Aim of the task - Look through the entries below and extract exactly the lines from the one containing "Block Print Bedding 5" through the one containing "about_tiip_project", ends included.

Materials provided -
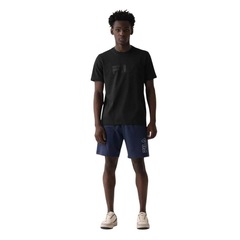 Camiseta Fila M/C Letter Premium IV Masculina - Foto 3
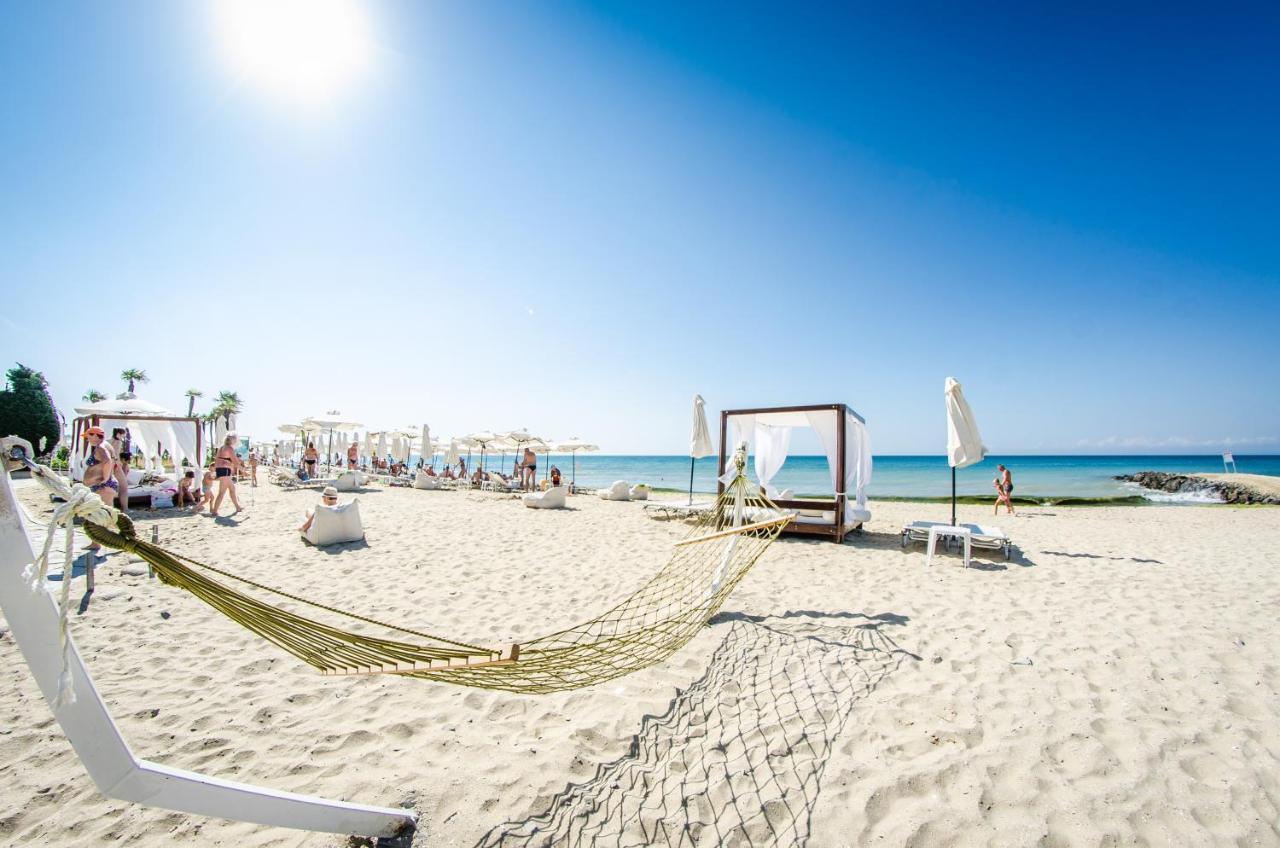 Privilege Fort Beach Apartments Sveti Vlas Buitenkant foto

--

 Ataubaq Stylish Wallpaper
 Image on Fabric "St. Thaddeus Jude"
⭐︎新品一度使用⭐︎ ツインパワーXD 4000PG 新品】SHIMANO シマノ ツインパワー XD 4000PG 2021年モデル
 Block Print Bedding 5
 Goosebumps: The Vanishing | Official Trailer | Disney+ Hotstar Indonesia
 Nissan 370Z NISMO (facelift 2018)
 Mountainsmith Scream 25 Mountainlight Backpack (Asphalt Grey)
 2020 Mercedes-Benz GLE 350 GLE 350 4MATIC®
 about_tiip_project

Result of this task -
 Block Print Bedding 5
 Goosebumps: The Vanishing | Official Trailer | Disney+ Hotstar Indonesia
 Nissan 370Z NISMO (facelift 2018)
 Mountainsmith Scream 25 Mountainlight Backpack (Asphalt Grey)
 2020 Mercedes-Benz GLE 350 GLE 350 4MATIC®
 about_tiip_project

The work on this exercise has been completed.